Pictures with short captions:
# # #

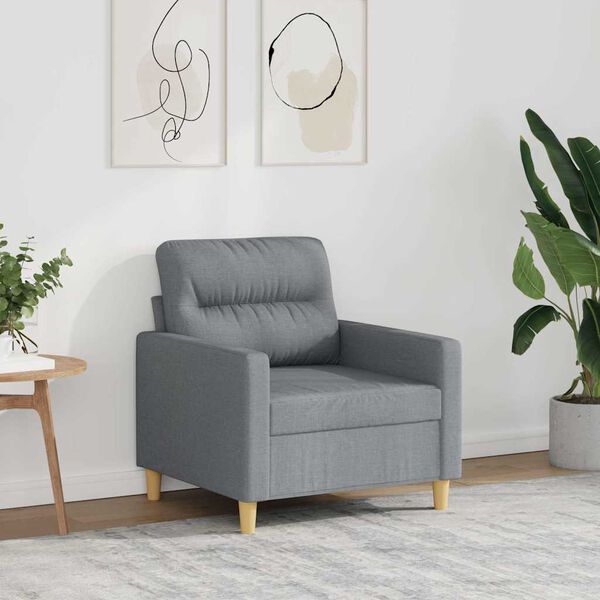 vidaXL Fauteuil Gris clair 60 cm Tissu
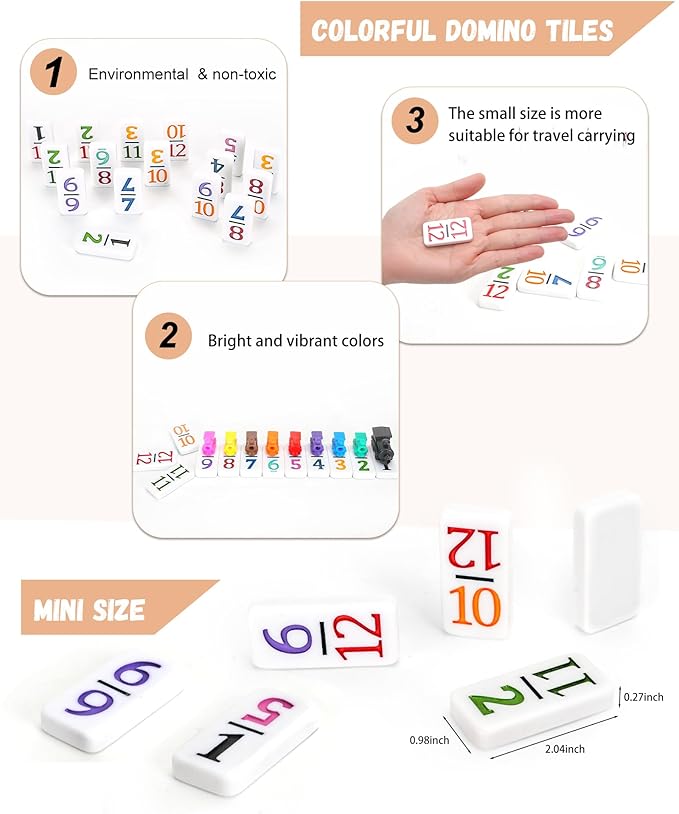 KAILE Mexican Train Dominoes Set with Numbers, Double 12 Dominoes Set, 91 Tiles Colored Dominoes Train Games for Family Night, Travel, Party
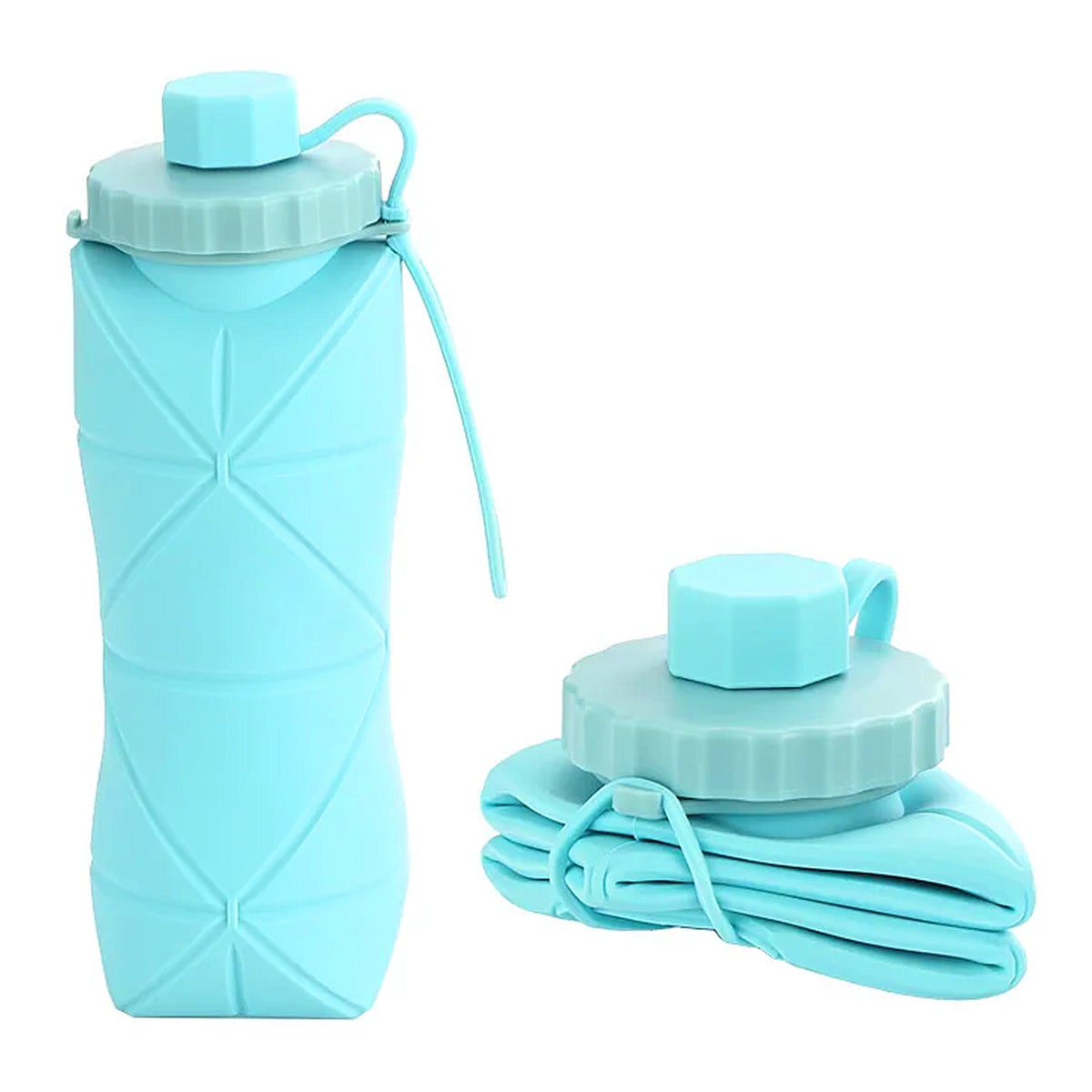 gourde bleue pliable de sport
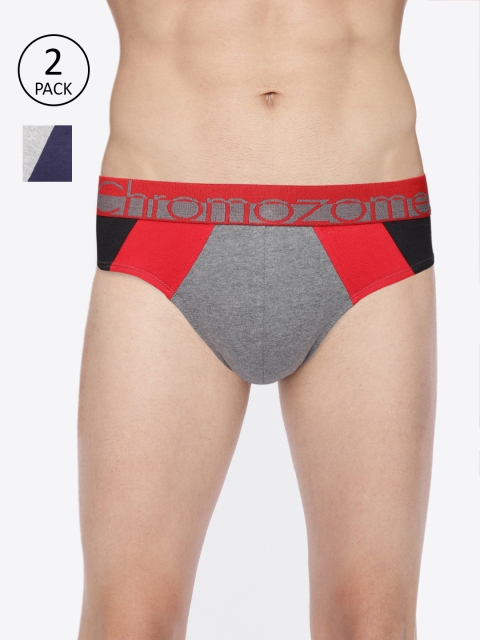 

Chromozome Men Set Of 2 Colourblocked Briefs, Charcoal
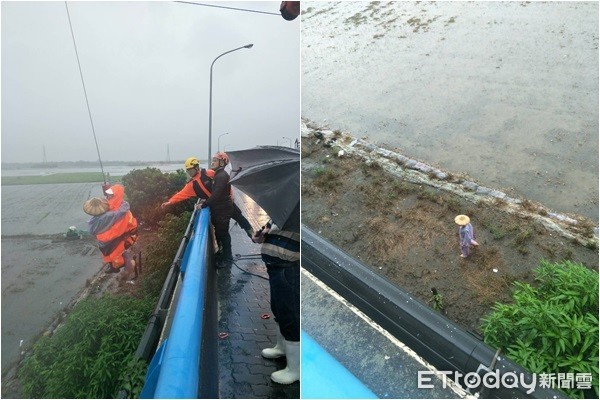 ▲消防隊人員出動吊臂車垂降繩索救人 。（圖／記者陳崑福翻攝，以下同）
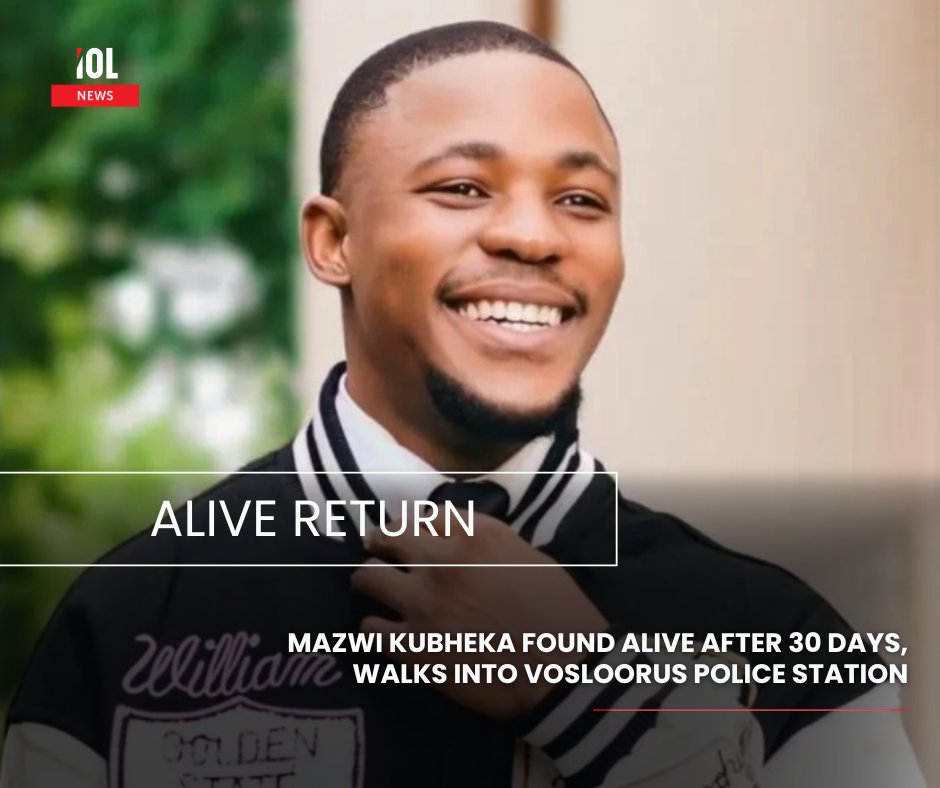 IOL's tweet image. After nearly a month of fear, unanswered questions and mounting public pressure, 27-year-old Mazwi Mpumelelo Kubheka has been found alive after walking into the Vosloorus police station on Saturday evening.
#news #MazwiMpumeleloKubheka #found #alive #Vosloorus #police #station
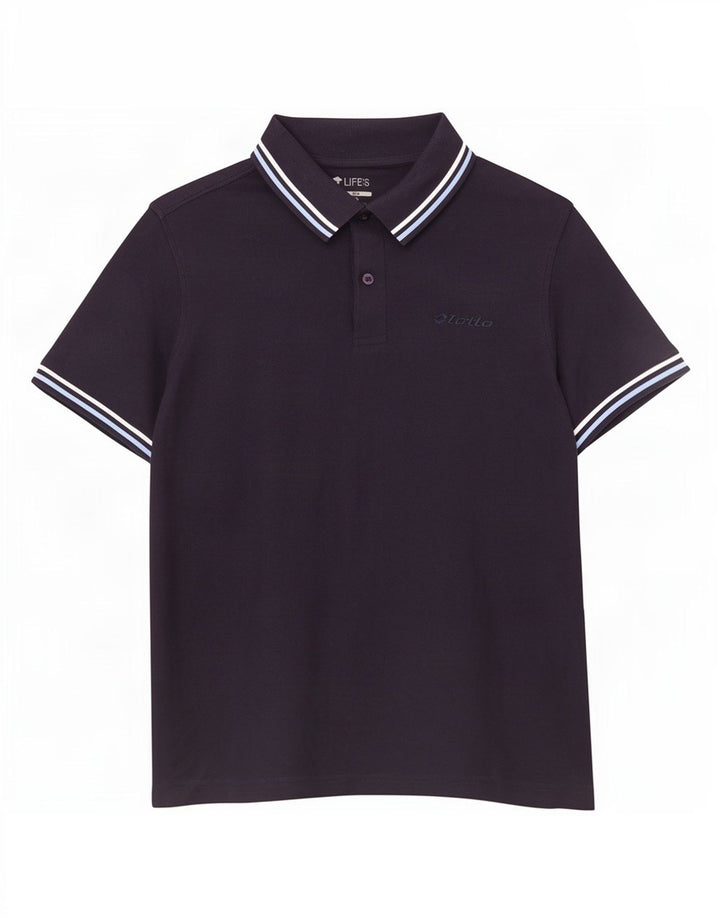 Camisa polo masculina Lotto pequena algodão azul marinho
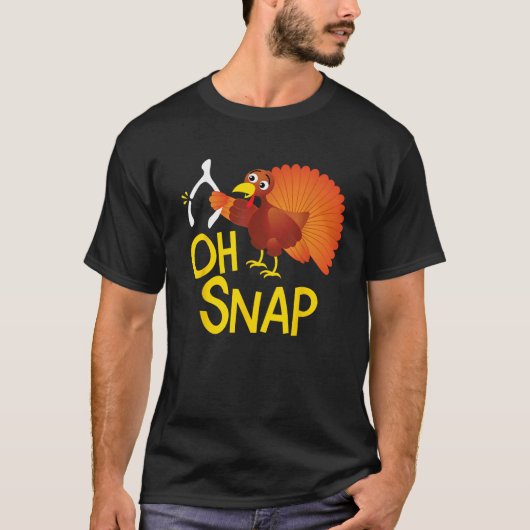 Funny Oh Snap Erntedank Türkei Niedlich Wishbone B T-Shirt (Vorderseite)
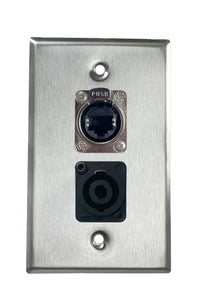 Stainless PROCRAFT SPL-2X-ST-VAR 1 Gang Stainless Pro Audio Installation Wall Plate Loaded, Made in the USA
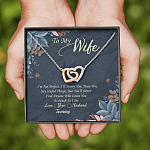 Personalized To My Wife Im Not Perfect But I Love You Very Much Interlocking Hearts Pendant Necklace - Gift For Wife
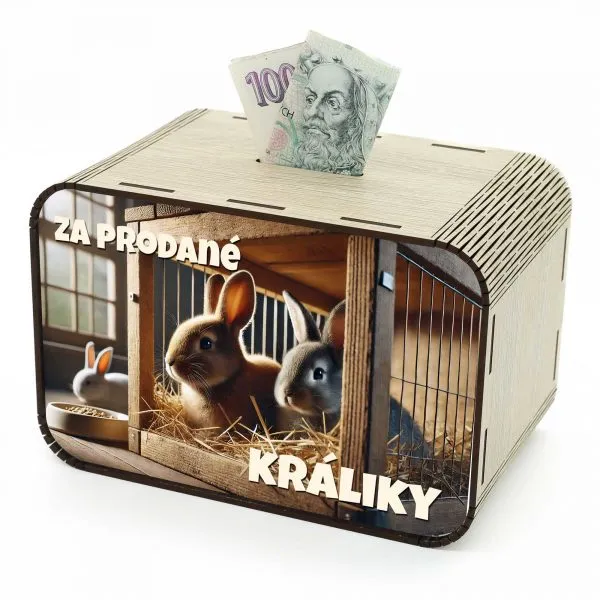 Pokladnička - Za prodané králiky - pro chovatele králíků CZ-02-060 DrevoDed.cz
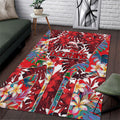 Dolphins Area Rug Tropical Hibiscus Floral Pattern With Red And White Accents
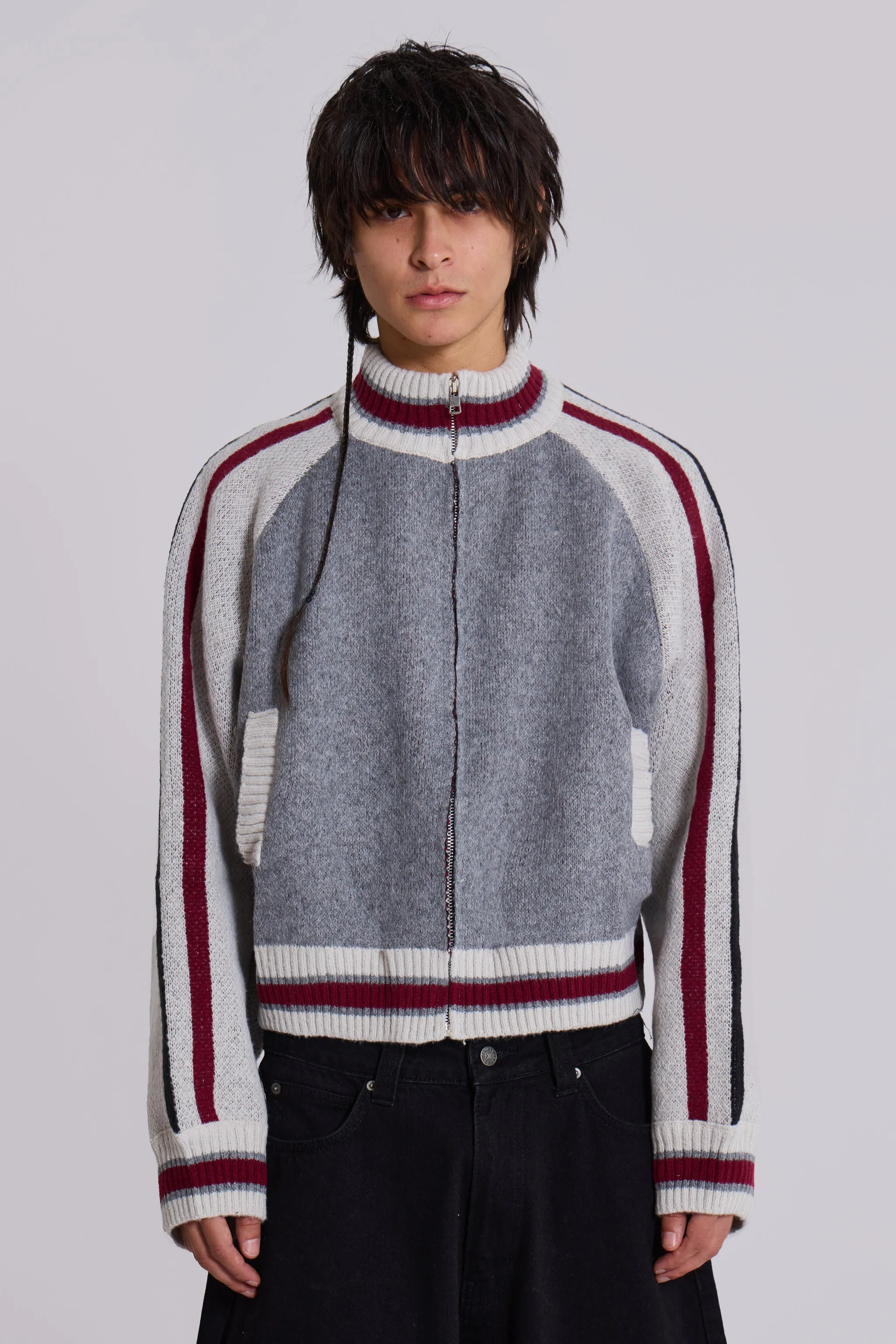 Grey Team 85 Knitted Bomber Jacket sold by Jaded London product image thumbnail 2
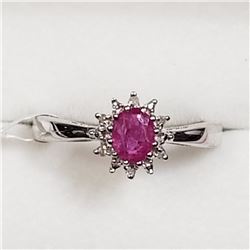 79) STERLING SILVER RUBY DIAMOND RING SIZE 6
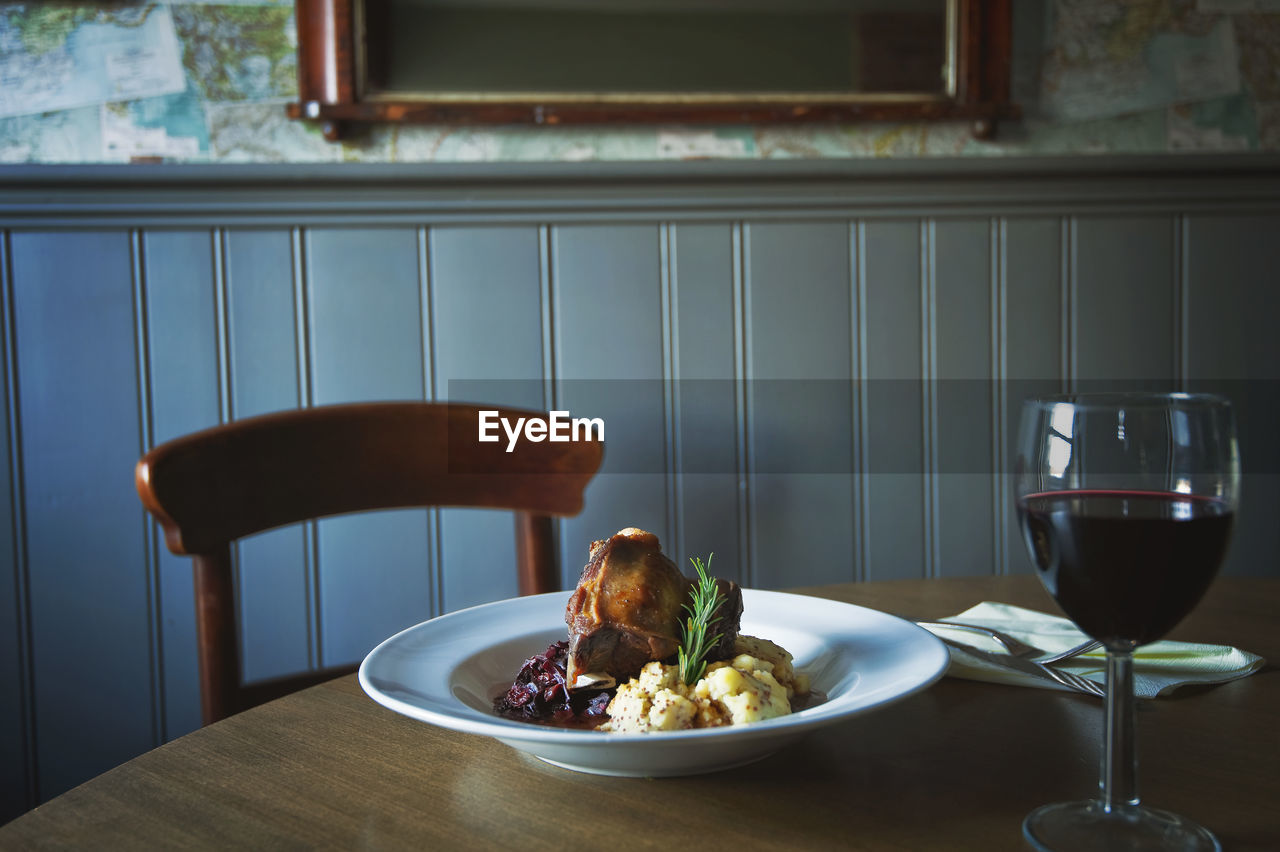 Close-up of food on table at restaurant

# # #

Every line of the data above is to be repeated exactly; the images are to be left out.

 vidaXL Fauteuil Gris clair 60 cm Tissu
 KAILE Mexican Train Dominoes Set with Numbers, Double 12 Dominoes Set, 91 Tiles Colored Dominoes Train Games for Family Night, Travel, Party
 gourde bleue pliable de sport

Chromozome Men Set Of 2 Colourblocked Briefs, Charcoal
 ▲消防隊人員出動吊臂車垂降繩索救人 。（圖／記者陳崑福翻攝，以下同）
 IOL's tweet image. After nearly a month of fear, unanswered questions and mounting public pressure, 27-year-old Mazwi Mpumelelo Kubheka has been found alive after walking into the Vosloorus police station on Saturday evening.
#news #MazwiMpumeleloKubheka #found #alive #Vosloorus #police #station
 Camisa polo masculina Lotto pequena algodão azul marinho
 Funny Oh Snap Erntedank Türkei Niedlich Wishbone B T-Shirt (Vorderseite)
 Stainless PROCRAFT SPL-2X-ST-VAR 1 Gang Stainless Pro Audio Installation Wall Plate Loaded, Made in the USA
 Personalized To My Wife Im Not Perfect But I Love You Very Much Interlocking Hearts Pendant Necklace - Gift For Wife
 Pokladnička - Za prodané králiky - pro chovatele králíků CZ-02-060 DrevoDed.cz
 Dolphins Area Rug Tropical Hibiscus Floral Pattern With Red And White Accents
 Grey Team 85 Knitted Bomber Jacket sold by Jaded London product image thumbnail 2
 79) STERLING SILVER RUBY DIAMOND RING SIZE 6
 Close-up of food on table at restaurant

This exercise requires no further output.